What’s the future of inference?

Roger Peng
2013-11-15

Rob Gould reports on what appears to have been interesting panel discussion on the future of statistics hosted by the UCLA Statistics Department. The panelists were Songchun Zhu (UCLA Statistics), Susan Paddock (RAND Corp.), and Jan de Leeuw (UCLA Statistics).

He describes Jan’s thoughts on the future of inference in the field of statistics:

Jan said that inference as an activity belongs in the substantive field that raised the problem.  Statisticians should not do inference.  Statisticians might, he said, design tools to help specialists have an easier time doing inference. But the inferential act itself requires intimate substantive knowledge, and so the statistician can assist, but not do.

I found this comment to be thought provoking. First of all, it sounds exactly like something Jan would say, which makes me smile. In principle, I agree with the premise. In order to make a reasonable (or intelligible) inference you have to have some knowledge of the substantive field. I don’t think that’s too controversial. However, I think it’s incredibly short-sighted to conclude therefore that statisticians should not be engaged in inference. To me, it seems more logical that statisticians should go learn some science. After all, we keep telling the scientists to learn some statistics.

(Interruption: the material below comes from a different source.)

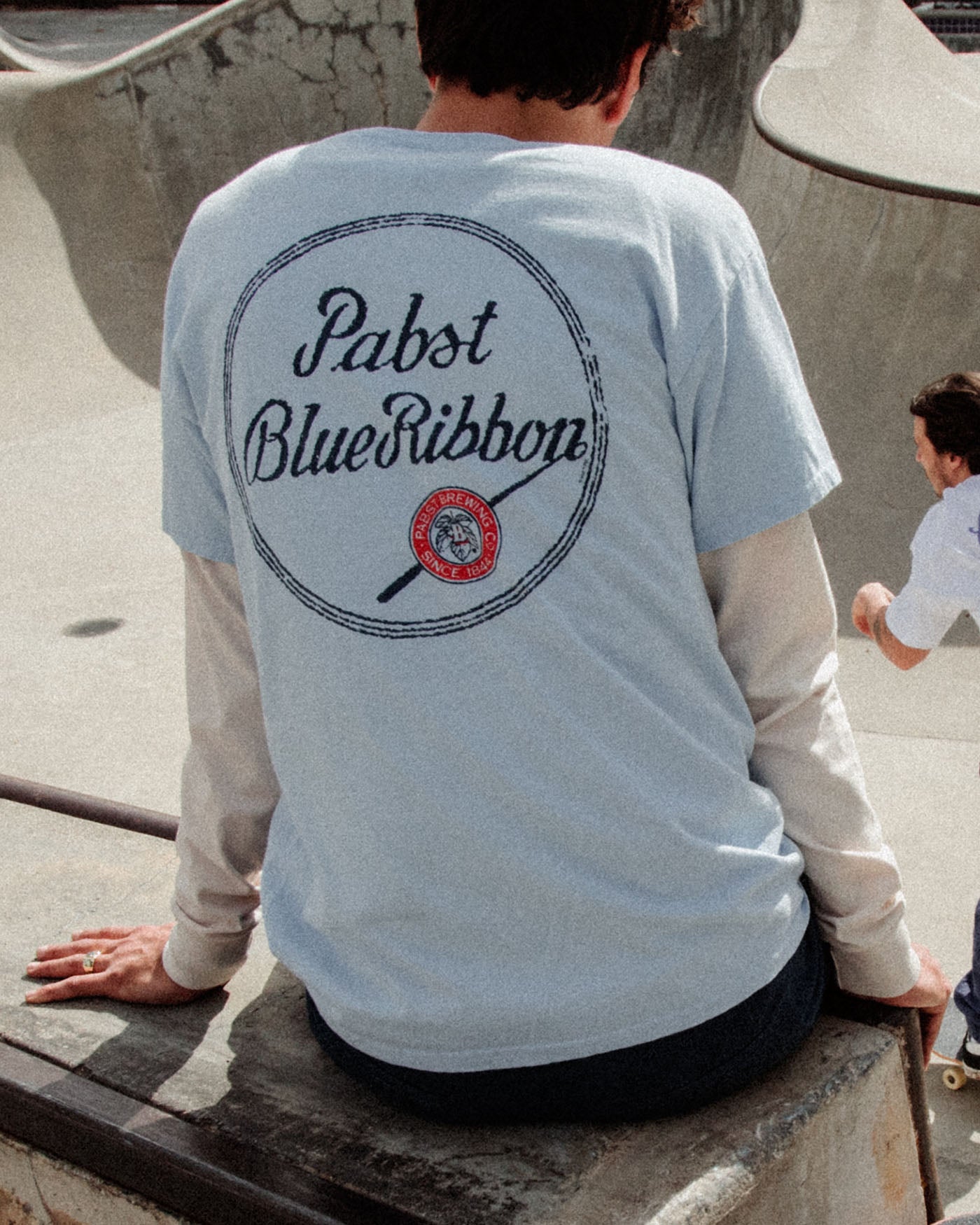 Pabst Blue Ribbon Ring Flea Market Tee – Junk Food Clothing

In my experience, it’s not so easy to draw a clean line between the person analyzing the data and the person drawing the inferences. It’s generally not possible to say to someone, “Hey, I just analyze the data, I don’t care about your science.” For starters, that tends to make for bad collaborations. But more importantly, that kind of attitude assumes that you can effectively analyze the data without any substantive knowledge. That you can just “crunch the numbers” and produce a useful product.

Ultimately, I can see how statisticians would want to stay away from the inference business. That part is hard, it’s controversial, it involves messy details about sampling, and opens one up to criticism. And statisticians love to criticize other people. Why would anyone want to get mixed up with that? This is why machine learning is so attractive–it’s all about prediction and in-sample learning.

However, I think I agree with Daniela Witten, who at our recent Unconference, said that the future of statistics is inference. That’s where statisticians are going to earn their money.